Das Prinzip der Einbeziehung im Jugendtsrafrecht darf ich wie folgt erläutern:

Gemäß § 31 Abs. 2 Satz 1 JGG ist bei der Ahndung von Straftaten nach Jugendstrafrecht, wenn eine anderweitig bereits rechtskräftig verhängte Jugendstrafe noch nicht erledigt ist, grundsätzlich auf eine einheitliche Rechtsfolge zu erkennen. Von der Einbeziehung der früheren Verurteilung darf nur ausnahmsweise abgesehen werden, wenn dies aus erzieherischen Gründen zweckmäßig ist, § 31 Abs. 3 Satz 1 JGG.

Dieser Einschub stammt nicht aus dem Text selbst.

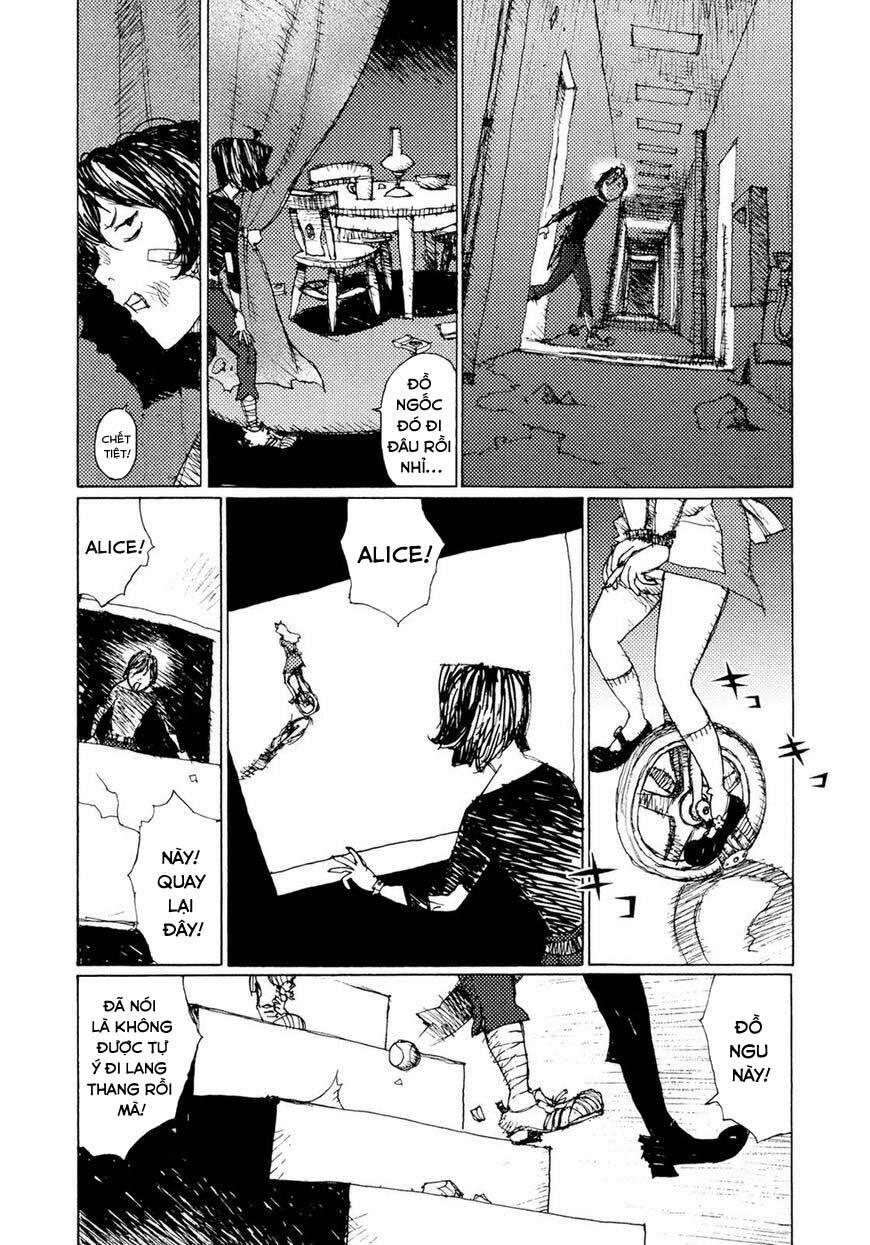 Alice In Hell: Chapter 36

Das ursprüngliche Urteil wird dabei nicht gegenstandslos, sondern geht mit seinen Feststellungen zur Tatseite in der Einheitjugendstrafe auf.

Es ist also nicht so, dass der ursprüngliche Vorwurf nun getilgt ist und die Tat Ihres Sohnes aus 2004 nun quasi rückwirkend durch die Einheitsjugendstrafe so behandelt wird, als sei er bereits 2004 vermindert schuldfähig oder schuldunfähig gewesen.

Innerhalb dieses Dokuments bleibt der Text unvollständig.